With all its high-tech spectacle and stagecraft, Richard Foreman’s first new work in a decade revels in the retro. Travis Just’s electric screeches and industrial soundscapes scream dark metal, but the hyper-stylized acting and symbol-laden staging of Suppose Beautiful Madeline Harvey, all in service of the script’s rippling mirror-imagings and the staging’s archly clever varied-angle repetitions, recall the kinds of theatrical happenings I remember seeing in the 1980s.
At the same time, the collaboration of Foreman, Just, and Object Collection, under the direction of Kara Feely, triggers a distinctive creative force that packs a 21st-century wallop.
Beautiful Madeline Harvey and Handsome Roger Vincent
There’s no story per se.
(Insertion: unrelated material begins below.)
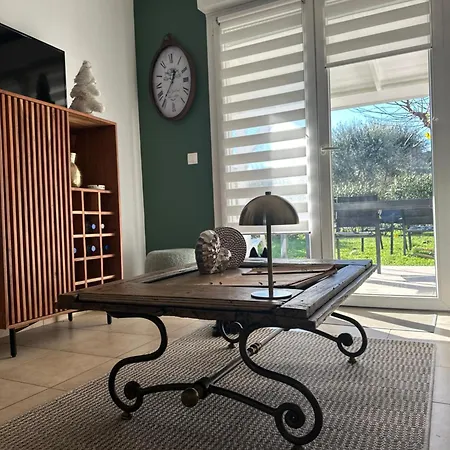 Mini 3 Etoiles بيت للعطل سيرفيون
The show is an intense, bewildering, sometimes funny meditation on reality and fiction, on experience and fantasy, on being and nothingness. Two people, Madeline Harvey and Roger Vincent, enact and re-enact a meeting (chance? fate?) in and around a nameless cafe along a nameless boulevard in a nameless city. Are they the real people they presumably feel themselves to be? Are they characters in a play?
The script proposes (and proposes again, and proposes again) a two-dimensionality that may be the essence of these beings. It may not be an accident that the play “flattens” both by bestowing upon them given names as surnames (Harvey, Vincent). The colorful minor characters surrounding them are listed in the program with first names (only), but these names are never spoken, rendering the nature of their existence as ambiguous as that of the leads.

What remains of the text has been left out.